In 33 states, the responsibility for drawing congressional district lines lies with state legislatures. Ten states give independent or bipartisan commissions the power to draw district lines. The remaining seven states do not need to draw district lines because they have only one representative in Congress, elected statewide.
The final verdicts on which party controls redistricting will come during legislative and gubernatorial elections in 2019, 2020 and 2021. Once those races are settled and the U.S. Census Bureau formally reapportions House seats based on the results of the 2020 census, legislators in those states will begin the increasingly contentious phase of drawing new boundaries.
The battleground is likely to shift because of population changes, too.
Some projections suggest Rhode Island may lose a seat, dropping it into the category of single-district states. Montana may gain a second seat, which would allow legislators to draw district lines for the first time since 1982.
Many of the states where redistricting is completely controlled by one party are already so dominated by that side that big gains are not possible.
Republicans control the process in West Virginia, Arkansas and Nebraska, where the GOP already holds every seat in Congress. Democrats have control in Rhode Island, Connecticut and New Mexico, where they already hold every House seat.
States like South Carolina, Kentucky and Tennessee, where Republicans hold total control, and Nevada and Oregon, where Democrats run the show, have districts drawn in such a way that the minority party controls only a minimal number of seats that could not be made more competitive.
The Republican edge is far lower than it was in the last round of redistricting.

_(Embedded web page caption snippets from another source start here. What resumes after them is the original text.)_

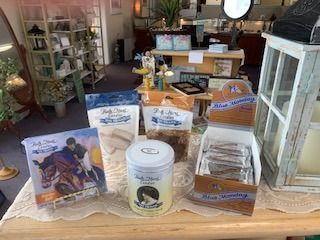 Tabletop display of assorted packaged snacks and candles in a cozy shop or café interior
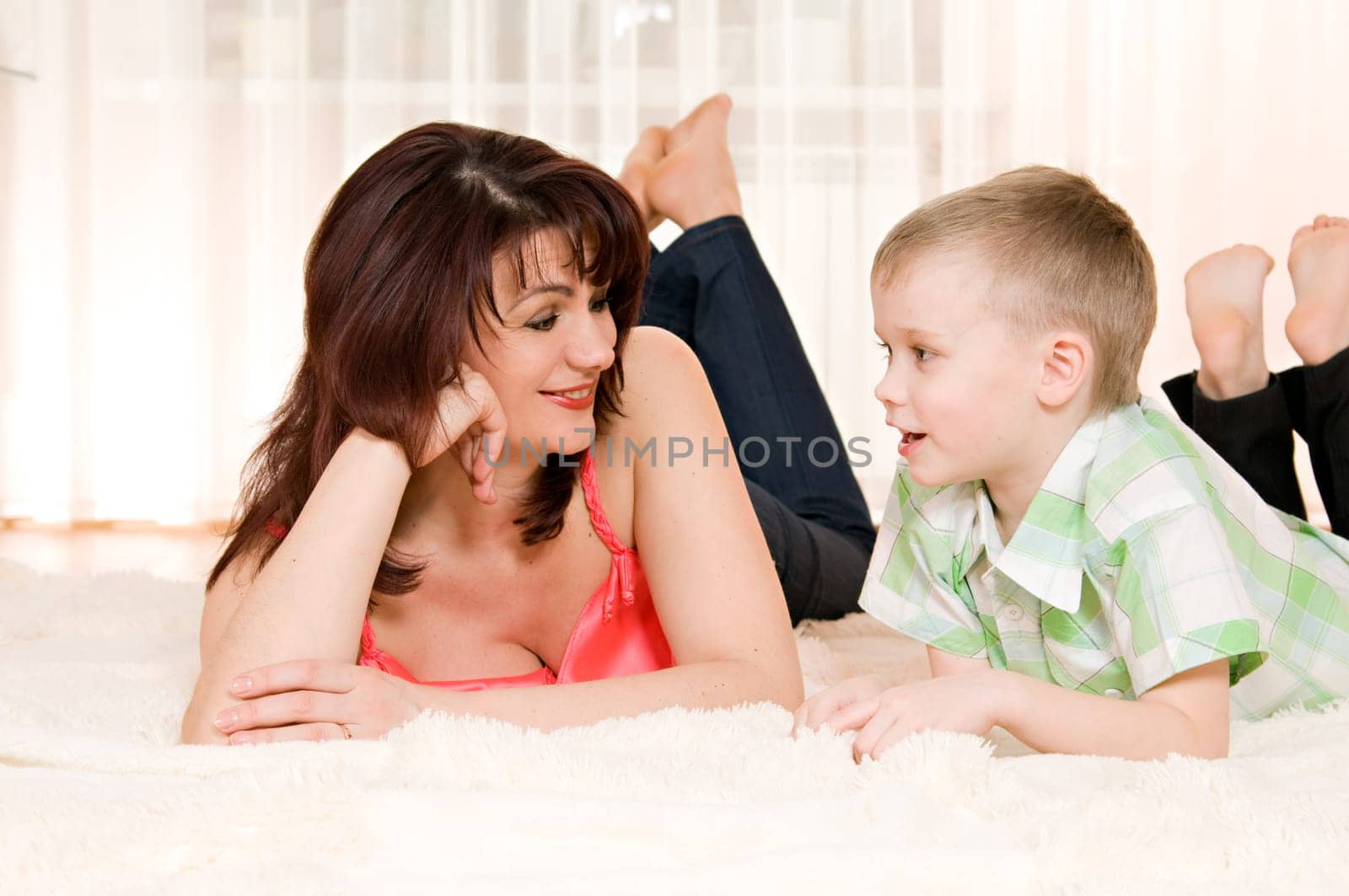 happy mother and son lie on the carpet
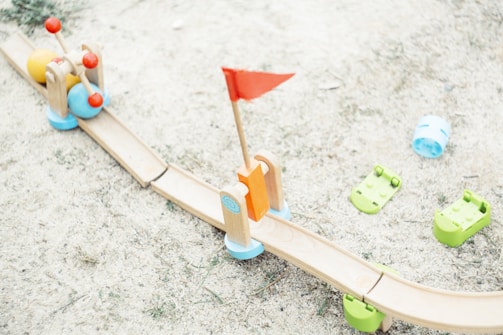 A wooden toy track on a sandy surface includes colorful toy balls and a red flag. The track is light brown with green bases, supplemented by playful elements like blue and green plastic components scattered around.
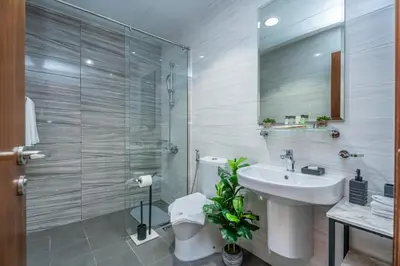 a bathroom with a sink and a toilet and a mirror at Escape24 Cozy 1BR near Dubai Malll & Burj Khalifa in Dubai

In 2012, the GOP controlled the redrawing process in 22 states that accounted for 224 seats, while Democrats drew maps in nine states that sent 56 members to Congress.
The Republican advantage has been diminished in part because Democrats won key governorships this year in Kansas, Wisconsin and Pennsylvania, and last year in Virginia. In those states, the Democratic governors could veto a Republican-drawn map, forcing a compromise or, in some cases, challenge a map drawn by courts.
“When you look at the redistricting process, you have to look at it in terms of all the people who are at the table. To elect a governor is a very important part of that,” Ward said.
Ten states now hand power to draw district lines to an independent or bipartisan commission, four more than during the last round of redistricting. Voters in Ohio, Michigan, Colorado and Utah approved those commissions this year. Commissions will draw boundaries in 10 states that send a combined 129 members to Congress.
Proponents of redistricting reform in other states are considering advancing their own ballot measures, in places like Arkansas and Oregon, ahead of the next round of redistricting.
Strategists on both sides say the renewed focus on the redistricting process has meant an unprecedented injection of money into once-sleepy legislative contests.
Groups like the Republican State Leadership Committee and the Democratic Legislative Campaign Committee shattered spending records this year, and more money is likely to pour into those down-ballot contests ahead of legislative contests in 2019 and 2020.
“The Democrats have caught up and have expanded the conversation surrounding redistricting. You have multiple groups focused on it spending tens of millions of dollars,” Walter said. “They’re going to in all likelihood escalate their efforts, escalate their rhetoric, escalate the spending.”